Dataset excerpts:
------------------------------------------------

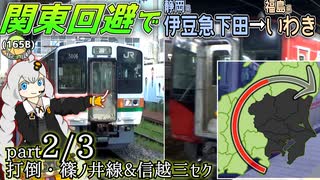 【Part2/3】伊豆急下田→いわきまで関東を通らず普通列車だけで行ったら、2日かかった【800km】《VOICEROID旅行》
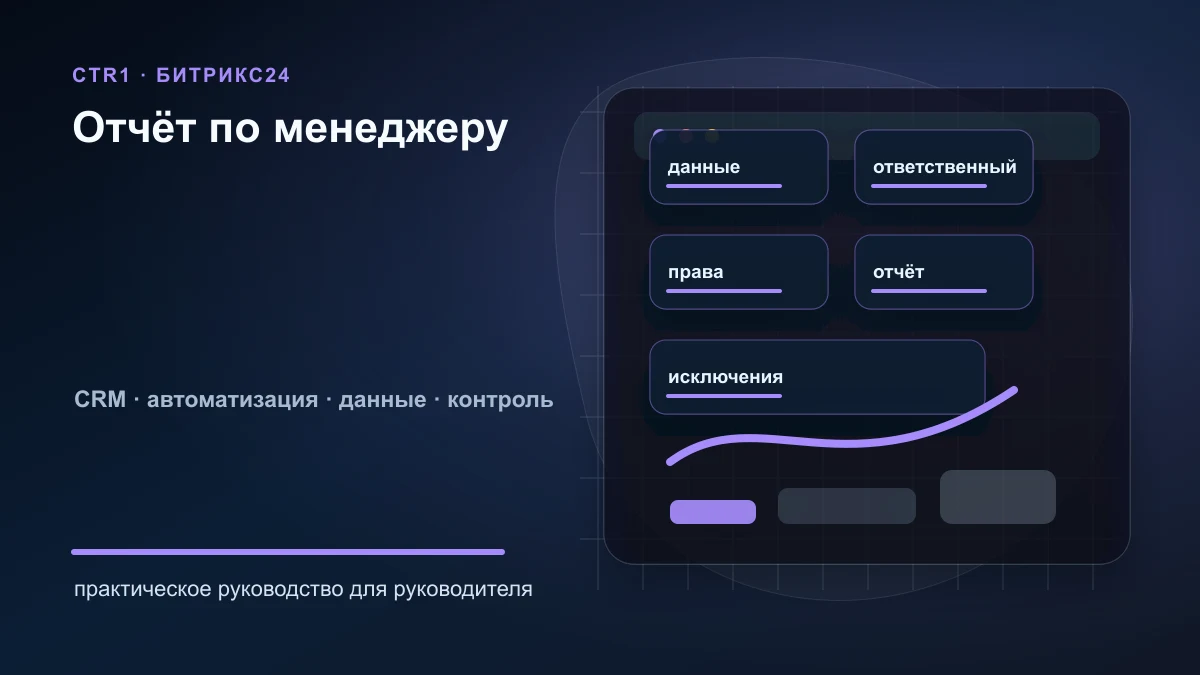 Как настроить простой отчёт по менеджеру в Битрикс24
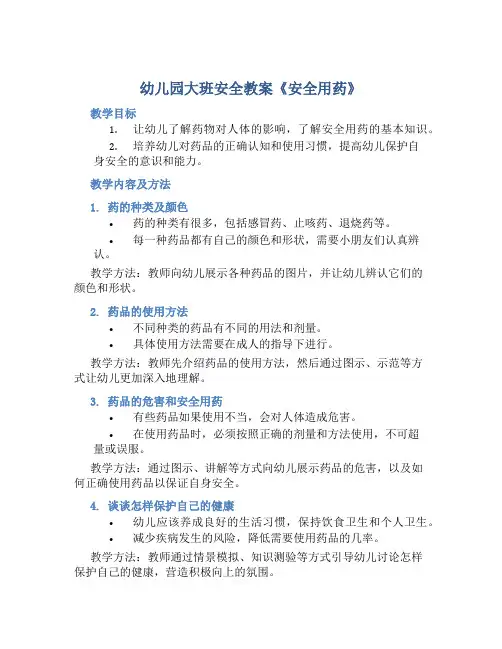 幼儿园大班安全教案《安全用药》含反思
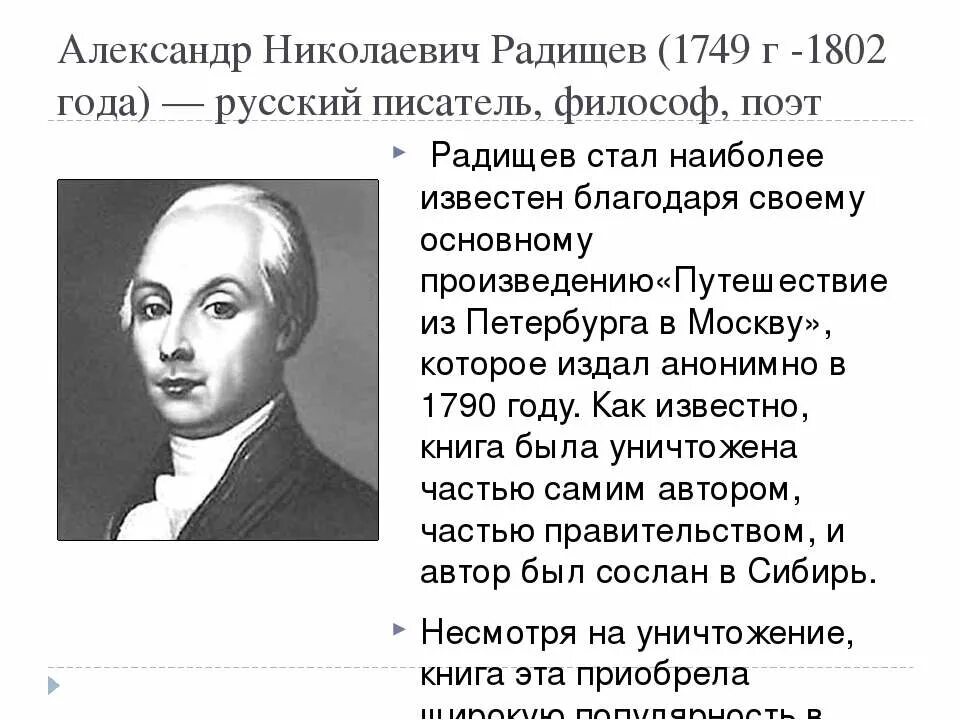 Создателем какого памятника культуры является радищев. А.Н. Радищев (1749-1802). А.Н. Радищева (1749-1802).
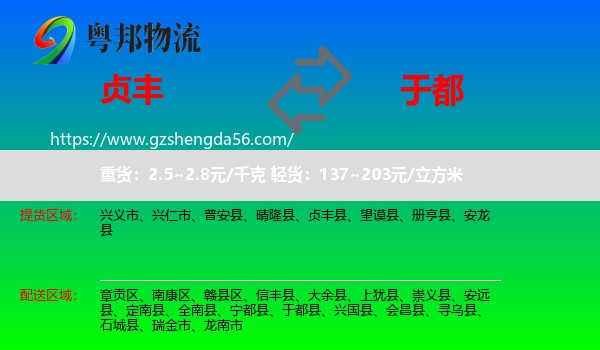 贞丰县到于都县物流专线
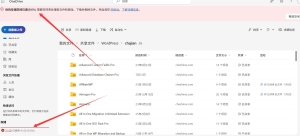 噩耗,本站的微软 OneDrive E3 MSDN 存储被停止了,大量下载链接急需更新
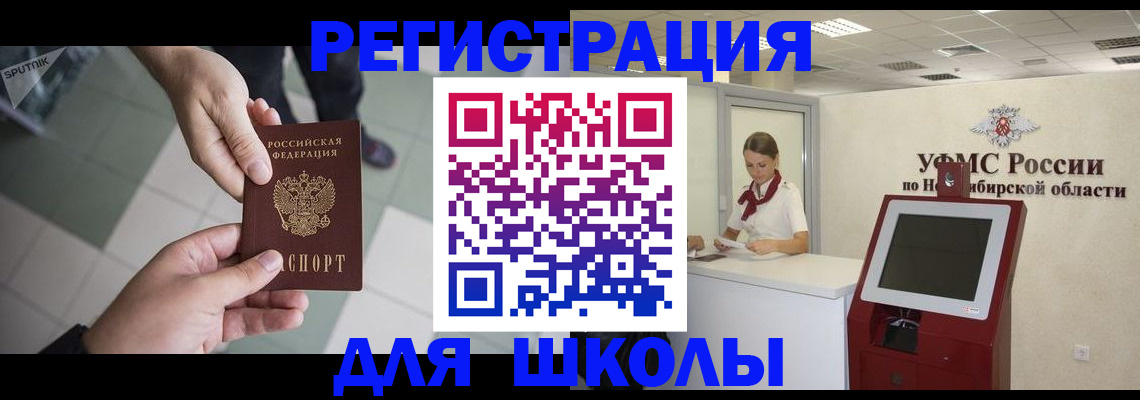 купить прописку в Кемерово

------------------------------------------------

PROBLEM>
Could you set down every record above exactly as written, leaving out the pictures?

SOLVED PROBLEM>
 【Part2/3】伊豆急下田→いわきまで関東を通らず普通列車だけで行ったら、2日かかった【800km】《VOICEROID旅行》
 Как настроить простой отчёт по менеджеру в Битрикс24
 幼儿园大班安全教案《安全用药》含反思
 Создателем какого памятника культуры является радищев. А.Н. Радищев (1749-1802). А.Н. Радищева (1749-1802).
 贞丰县到于都县物流专线
 噩耗,本站的微软 OneDrive E3 MSDN 存储被停止了,大量下载链接急需更新
 купить прописку в Кемерово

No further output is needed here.